As an event unveiling, a flying camera that can follow its user via gesture controls was impressive. And the device gave the public another example of how good Snap is getting at creating ready-for-the-mainstream hardware that can be easily integrated into Snapchat. But beyond that, a drone, as Quartz noted at the time, didn’t seem like a particularly urgent or necessary part of Snap’s future.

It seems Snap has come to the same conclusion, likely chastened by its poor stock performance. Snap shares have fallen from $28 to $12 since the Pixy was released.

The decision to shutter the Pixy was first reported by the Wall Street Journal, which says Spiegel made the announcement at a recent companywide meeting.

Why the Pixy drone didn’t make sense despite its flashy introduction

The social media influencers that Snapchat caters to use drones all the time to record cinematic shots of their daily activities and travels. But for all their science fictional allure, drones haven’t really captured the imagination of the average consumer in the US. Of the registered drones in the US, the Federal Aviation Administration (FAA) says there are only a little over 500,000 non-commercial drones in use.

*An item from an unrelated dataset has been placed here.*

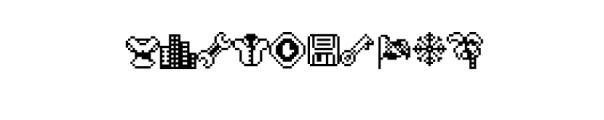 Pixel Funny Objects Font OTHER CHARS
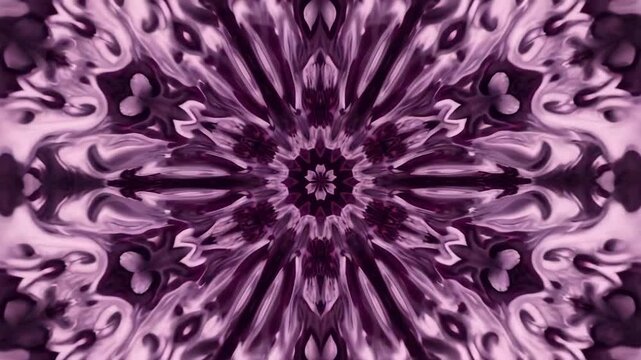 Abstract purple flower kaleidoscope pattern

While the Pixy didn’t require a drone license because it was below the FAA’s weight requirements on such devices, its ease of use and connection to a popular social network didn’t generate much excitement online when the product was made available for purchase.

The question now is whether this pullback from hardware experimentation also will extend to the company’s latest Spectacles augmented reality product. Spectacles are a dazzling peek at the future of smart glasses, but they have yet to be offered as a commercial product, and the company’s less powerful, camera-based Spectacles 3 haven’t exactly taken off as a mainstream consumer product.

What this means for Snap’s immediate future

Despite the hardware misstep, the near future looks good for Snap. Its Snap+ subscription service has already pulled in over 1 million users, its Snap Originals project continues to mature into a competitive streaming video alternative, and its daily active users are on the rise, up from an average 332 million in the first quarter of 2022 to 347 million (pdf) in the second.

Snap declined to comment when contacted by Quartz regarding the future of support for the Pixy product. Those still interested in buying the $230 device can still purchase it as of this writing.

Nevertheless, as the entire app ecosystem has felt the advertising pinch of Apple’s new privacy policies, Snap appears to be responding by focusing on its fundamentals: Snapchat and its other software innovations. That leaves possibly expensive experiments like Pixy, that could take time to develop into a profit-generating product, on the sidelines for now.